The little girl of a friend of mind—while still of very tender years—was first taken to church by her aunt. On the way home, and soon after leaving the portals of the sacred edifice, she looked up solemnly in her guardian's face, and, "Auntie," she asked, "was yon God on the mantel-piece?" She referred doubtless to the minister in the pulpit. Don't think of irreverence, my reader! The child, in its atmosphere of perfect innocence, knows not the word. And bear that in mind further when I tell you of a little boy and girl—both of whom I know well—who were having a walk with me one Sunday in early Autumn, when suddenly a railway train appeared in view. A train on Sunday! They were staggered by the sight; and the boy demanded to know why it should be there. "Oh, I know," exclaimed the girl, after some reflection; "it'll be God coming back from his holidays." The question, "Can prayer be answered?" may be often discussed by grown-up minds. It is never raised by the children. No doubts trouble them in that relation. They are quite certain they will get what they ask for.
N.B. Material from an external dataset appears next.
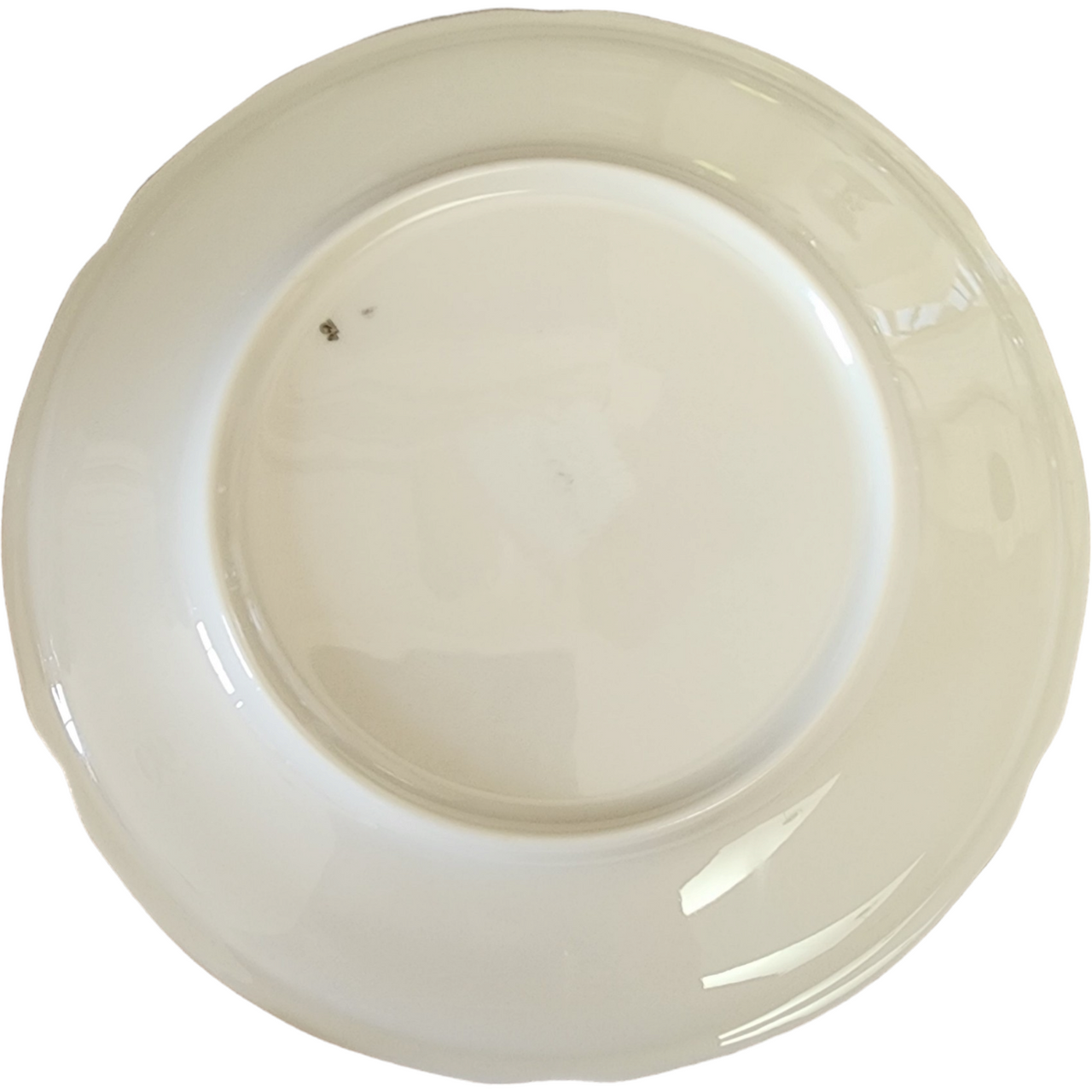 7" Castleton Tree of India Scalloped USA Salad Plate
Perfect confidence in that alone could have made it possible for a certain little miss, who, when being put to bed in a tired condition, and asked to say her prayer, began:—
| "This night I lay me down to sleep, I pray the Lord——" |
then gave a long, loud yawn, and added, "Oh God, I am awfully sleepy—you know the rest"—making thus, in her rude simplicity, a finely trustful and beautiful prayer. "Give us each day our daily bread," was the honest petition of a little fellow—who, however, recalling probably some recent violent experiences, immediately added—"but dinna let our Lizzie bake it." An elaborately-trained little fellow who had nightly to pray for blessings on "mamma, and papa, grandpapa, and grandmamma," and all his uncles, his aunts, and his cousins, committing each by name, after exhausting the catalogue one evening, heaved a heavy sigh and exclaimed wearily, "Oh, dear, I wish these people would pray for themselves, for I am so tired of praying for them all!"
A little girl, whose baby brother had died, was told that he had gone to Heaven, and that night she refused to pray—"Take me to Heaven for Jesus' sake"—because, as she said; "I don't want to go to Heaven, I want to stay here, with ma, and pa, and dolly." Were all prayers as honest, many of them, I suspect, would be much shorter than they are.